Surprise, The People Who Made Your iPhone Are People

    James Fallows joins the small circle of Western journalists to have made the journey to Foxconn. He shouldn't be so surprised at what he found there.

    Foxconn. The word no doubt evokes images of miserable proles, and the company has become a Dickensian symbol of the laboring masses in China that produce everything that makes the 21st century the 21st century. What the Nike sweatshop was to the 1990s, Foxconn has become to the 2010s. But if you dig a little deeper, even on Google, the picture becomes slightly more complicated: There are soccer fields and cafes amidst the images of workers assembling iPhones and iPads. Workers complain about bad food and not being able to work as many hours as they'd like.

    So I'm somewhat surprised that James Fallows, super-international correspondent for The Atlantic who's spent a lot of time reporting abroad is, well, surprised by what he found at Foxconn. Not because he found previously unreported egregious labor violations or inhumane conditions, but because he found a bunch of people acting rather normal.

    I am always surprised by things in China, but this day was at the more-surprising-than-usual end of the spectrum.
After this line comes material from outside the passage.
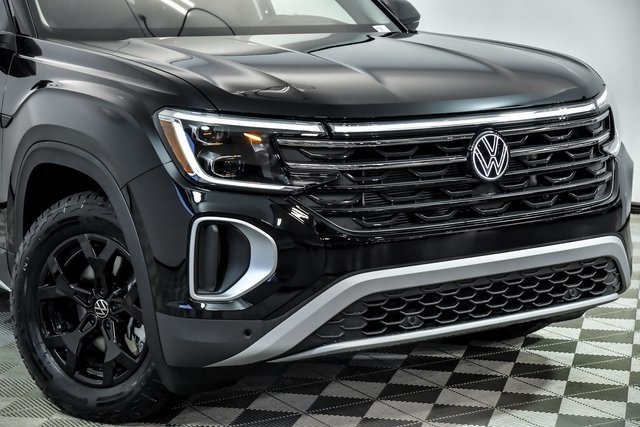 2025 Volkswagen Atlas Peak Edition SE photo 2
In the days to come, I will share a series of photos I was able to take on the campus. I will start now, before completing my article, with just a few that set the general mood.

    They like watching TVs! and And they drink coffee and put money in the bank.

    These are the young people building your smartphones and computers. Or, this kind of scene at lunch hour, with a bunch of employees clustering around a HD big-screen TV being offered at special discount. This is a main street on the campus near a central cafeteria and many shops, banks, coffee bars, and so on.

    They also enjoy air conditioning and reading.

    Or this -- the "staff care" center, which is supposed to help resolve various personal or social problems. It turns out that most of the Foxconn workers sitting and reading -- actual papers! -- were not looking for help but were just taking advantage of the seats and the air-conditioning while on their lunch break.

    He adds in a follow-up post, "I present these as plain quick snapshots. The very banality of the scenes, in this the most famed workhouse in the world, is generally what I found interesting." In other words, it's very much the normality of their lives outside of the factory that Fallows finds surprising and "interesting."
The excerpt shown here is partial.